What is needed is an exact retyping of each entry, pictures excluded.

*MATERIAL SHOWN:*
= = = =
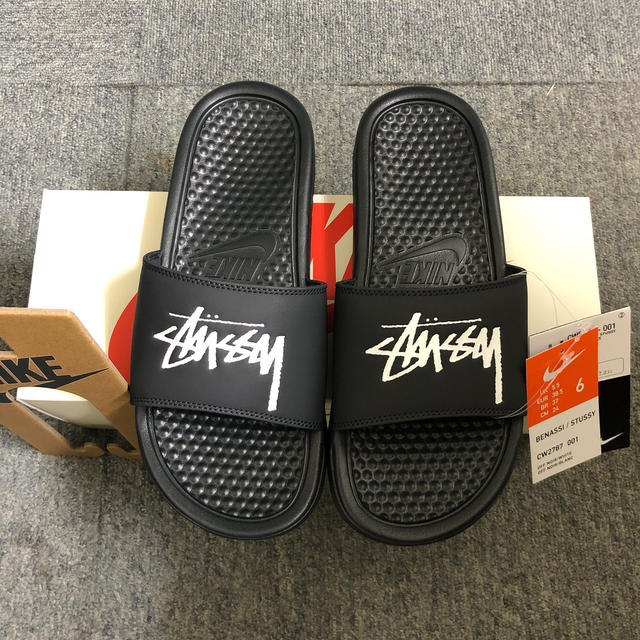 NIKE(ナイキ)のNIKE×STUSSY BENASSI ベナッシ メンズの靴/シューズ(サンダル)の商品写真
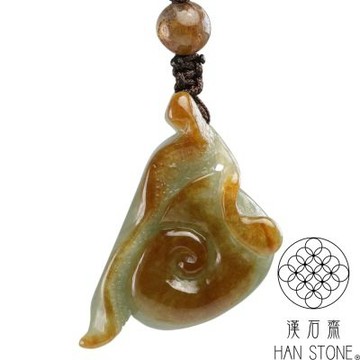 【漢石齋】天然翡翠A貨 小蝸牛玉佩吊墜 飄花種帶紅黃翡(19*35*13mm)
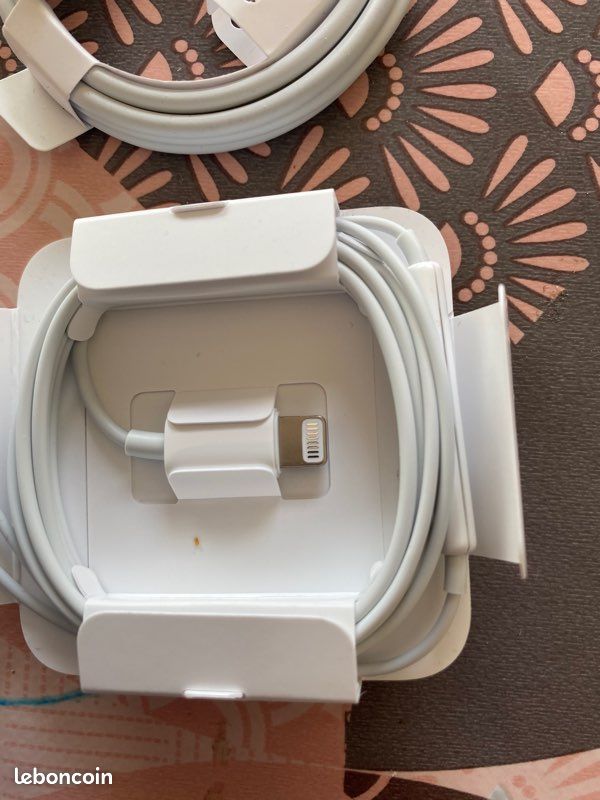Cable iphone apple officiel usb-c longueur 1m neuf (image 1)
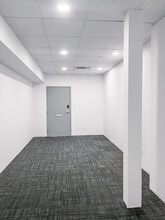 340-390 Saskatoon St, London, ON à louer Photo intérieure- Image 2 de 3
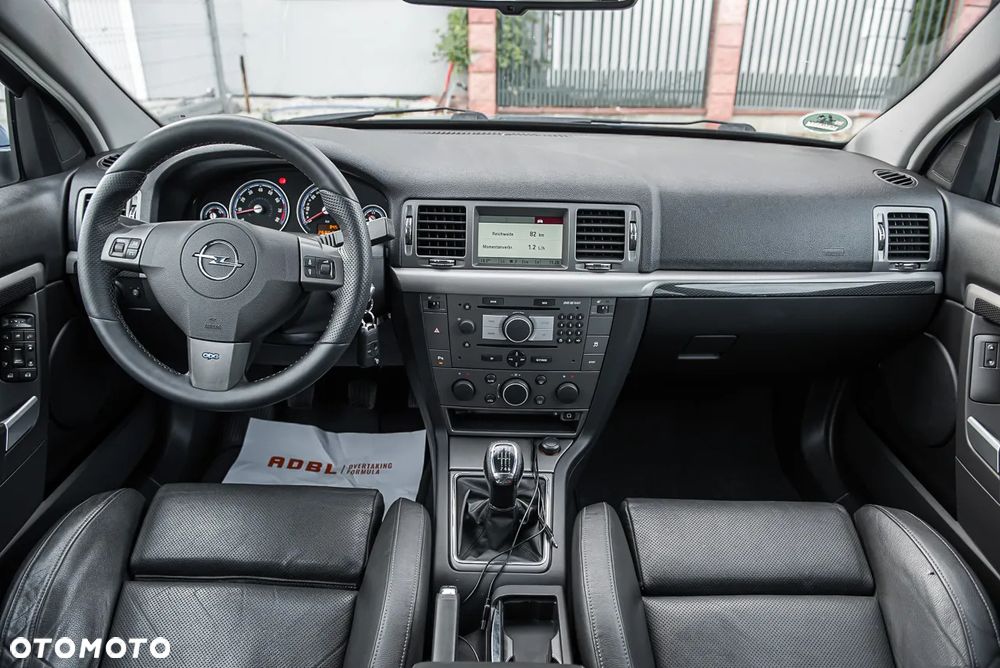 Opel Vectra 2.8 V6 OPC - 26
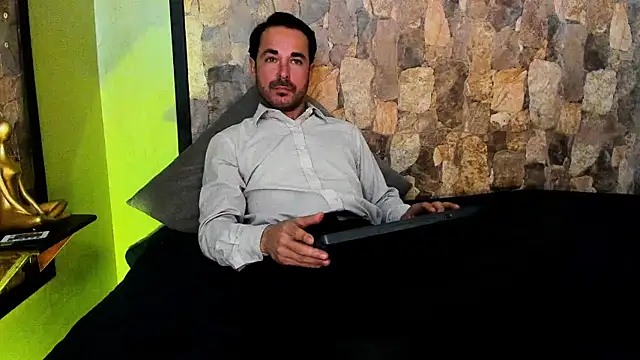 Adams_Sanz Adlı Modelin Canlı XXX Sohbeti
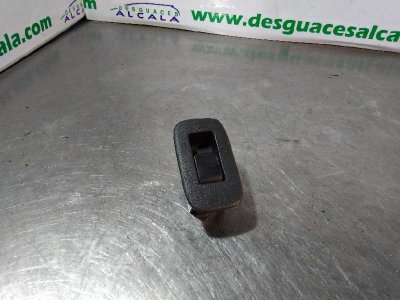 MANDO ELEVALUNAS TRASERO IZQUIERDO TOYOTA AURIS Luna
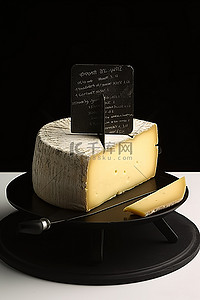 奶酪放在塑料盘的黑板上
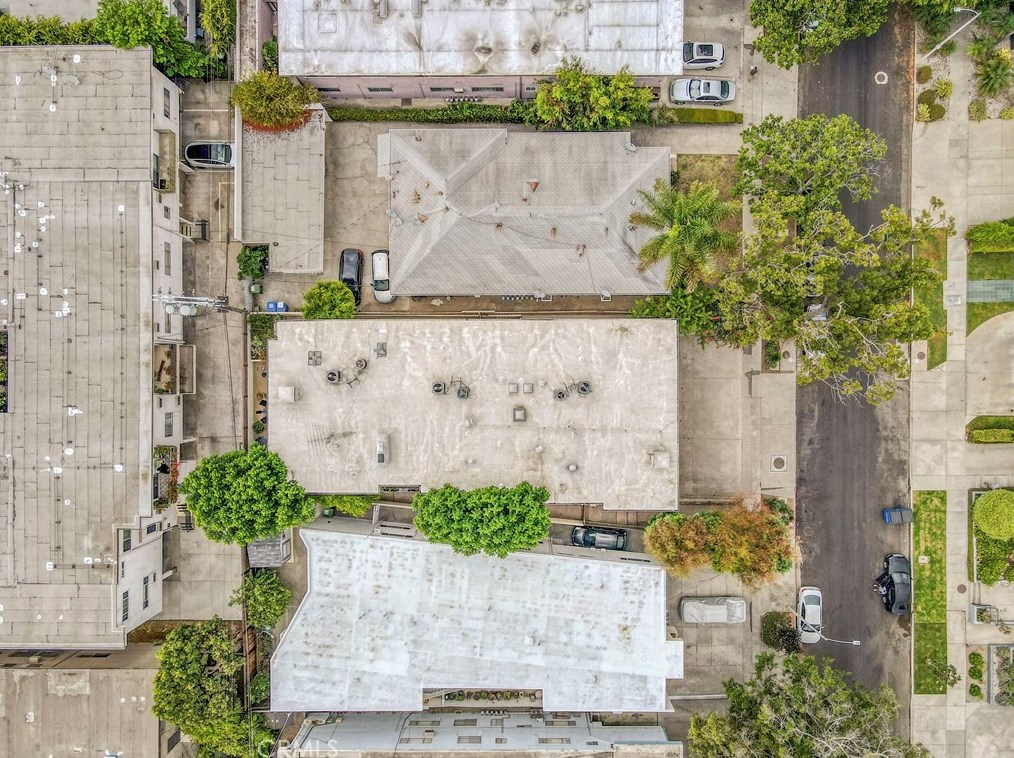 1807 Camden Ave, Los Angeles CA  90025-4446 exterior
= = = =
*SOLUTION FOR THIS PROBLEM:*
 NIKE(ナイキ)のNIKE×STUSSY BENASSI ベナッシ メンズの靴/シューズ(サンダル)の商品写真
 【漢石齋】天然翡翠A貨 小蝸牛玉佩吊墜 飄花種帶紅黃翡(19*35*13mm)
Cable iphone apple officiel usb-c longueur 1m neuf (image 1)
 340-390 Saskatoon St, London, ON à louer Photo intérieure- Image 2 de 3
 Opel Vectra 2.8 V6 OPC - 26
 Adams_Sanz Adlı Modelin Canlı XXX Sohbeti
 MANDO ELEVALUNAS TRASERO IZQUIERDO TOYOTA AURIS Luna
 奶酪放在塑料盘的黑板上
 1807 Camden Ave, Los Angeles CA  90025-4446 exterior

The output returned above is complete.